I find it easy to ignore the thin guitars, however. The songs themselves are fantastically written. If you've heard White Tomb, you've heard what these guys are about. This is black metal, stretched out to almost ridiculous song lengths. Throw some ambient and industrial influences in here and you have quite a fitting soundtrack to a rusty harbour with the massive waves of black metal crushing into the walls. On fire. I'm happy that Altar of Plagues have found their niche rather than just having different sections in one album that made you wonder if you were listening to the same album or not, because the sound here is a hell of a lot more distinctive.
One thing I love here is the vocals. The witch like vocals you heard in "Through the Collapse: Watchers Restrained" are gone, which is a good thing to me - it was my least favourite part of White Tomb. Instead, we have the black metal rasps (That have improved), and then a multitude of desperate cries and shouts. I think clean-ish vocals here add a lot to the record itself, especially since they're littered all over the album so you never get tired of one vocal style before a new one comes in. To add to that, the vocals are just pretty damn superbly executed.
But Altar of Plagues haven't stopped their ideas from outstaying their welcome.

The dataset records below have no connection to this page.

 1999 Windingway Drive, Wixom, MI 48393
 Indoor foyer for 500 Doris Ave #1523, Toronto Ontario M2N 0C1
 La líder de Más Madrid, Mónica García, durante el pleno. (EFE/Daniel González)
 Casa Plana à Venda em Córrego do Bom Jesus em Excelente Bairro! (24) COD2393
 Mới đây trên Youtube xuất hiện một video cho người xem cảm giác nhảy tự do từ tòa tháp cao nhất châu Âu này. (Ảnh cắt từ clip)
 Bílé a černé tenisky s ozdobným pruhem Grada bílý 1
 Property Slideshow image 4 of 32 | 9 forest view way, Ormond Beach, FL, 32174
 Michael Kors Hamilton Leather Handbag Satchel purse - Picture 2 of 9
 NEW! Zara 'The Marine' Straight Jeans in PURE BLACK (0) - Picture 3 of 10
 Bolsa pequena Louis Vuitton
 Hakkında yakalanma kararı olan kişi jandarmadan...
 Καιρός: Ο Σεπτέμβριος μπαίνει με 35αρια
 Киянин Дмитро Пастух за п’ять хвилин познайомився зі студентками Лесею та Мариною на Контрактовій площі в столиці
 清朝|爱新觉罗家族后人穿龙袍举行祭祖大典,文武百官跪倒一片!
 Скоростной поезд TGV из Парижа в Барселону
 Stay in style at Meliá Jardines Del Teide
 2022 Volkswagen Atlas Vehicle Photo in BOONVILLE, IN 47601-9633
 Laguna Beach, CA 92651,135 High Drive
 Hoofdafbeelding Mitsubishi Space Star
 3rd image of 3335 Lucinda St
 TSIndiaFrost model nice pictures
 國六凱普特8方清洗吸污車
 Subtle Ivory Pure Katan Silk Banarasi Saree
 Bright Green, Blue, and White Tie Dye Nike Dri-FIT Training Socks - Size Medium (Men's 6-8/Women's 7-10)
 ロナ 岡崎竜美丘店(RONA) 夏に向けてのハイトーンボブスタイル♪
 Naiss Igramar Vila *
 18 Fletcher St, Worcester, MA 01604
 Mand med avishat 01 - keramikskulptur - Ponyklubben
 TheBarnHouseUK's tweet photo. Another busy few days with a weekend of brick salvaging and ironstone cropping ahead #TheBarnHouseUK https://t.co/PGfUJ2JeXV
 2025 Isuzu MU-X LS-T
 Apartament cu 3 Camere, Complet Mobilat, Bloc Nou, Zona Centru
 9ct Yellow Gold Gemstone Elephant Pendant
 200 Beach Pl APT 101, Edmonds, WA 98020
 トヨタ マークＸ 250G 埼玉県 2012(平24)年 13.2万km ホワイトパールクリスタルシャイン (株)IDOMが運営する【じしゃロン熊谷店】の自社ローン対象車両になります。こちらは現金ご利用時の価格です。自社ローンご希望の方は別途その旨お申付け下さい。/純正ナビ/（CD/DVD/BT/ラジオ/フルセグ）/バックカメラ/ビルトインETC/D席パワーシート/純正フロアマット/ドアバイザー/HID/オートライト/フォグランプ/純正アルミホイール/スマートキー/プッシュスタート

It took me a lot of listens to come to this conclusion, but I don't think it drags as much as White Tomb - but it still is an issue. Especially in the track "The Weight of All". That song is nearly 20 minutes and I think they could have easily shaved another 5 minutes off of it and condensed the ideas to make the best track on the EP, but instead some of the sections just drag and drag and drag. Track one fares better, but to me I think both tracks here are great. The melodies are as powerful as before, the songs flow a lot better than White Tomb, and the fact they've chosen something and stuck to it has really gone down with me.
The more I listen to it, the more I slowly come to the conclusion that I prefer it to White Tomb. Tides shows Altar of Plagues moving in the right direction, and though there are faults here that were also apparent in White Tomb, it flows a lot better and shows a lot more focus. Though the band should really work on the issue of their ideas dragging, it doesn't bother me so much in Tides. Both of the tracks show a consistent quality that doesn't dip throughout, and I really can't wait to see a full length in the same vein - a definite winner for me.
The thing is that White Tombs was a combination of a bunch of boring, rehashed ideas and that you cannot deny were truly nothing original. I'm still going to give this a listen regardless.
yeah you have a point but to me they executed it so well that it didn't even matter to me. idk, i really loved it either way. i see your point of view though, this seems a lot more distinctive to me though so maybe you'll like it more.
it took me looottttts of listens but it really clicked with me after i gave it my full attention.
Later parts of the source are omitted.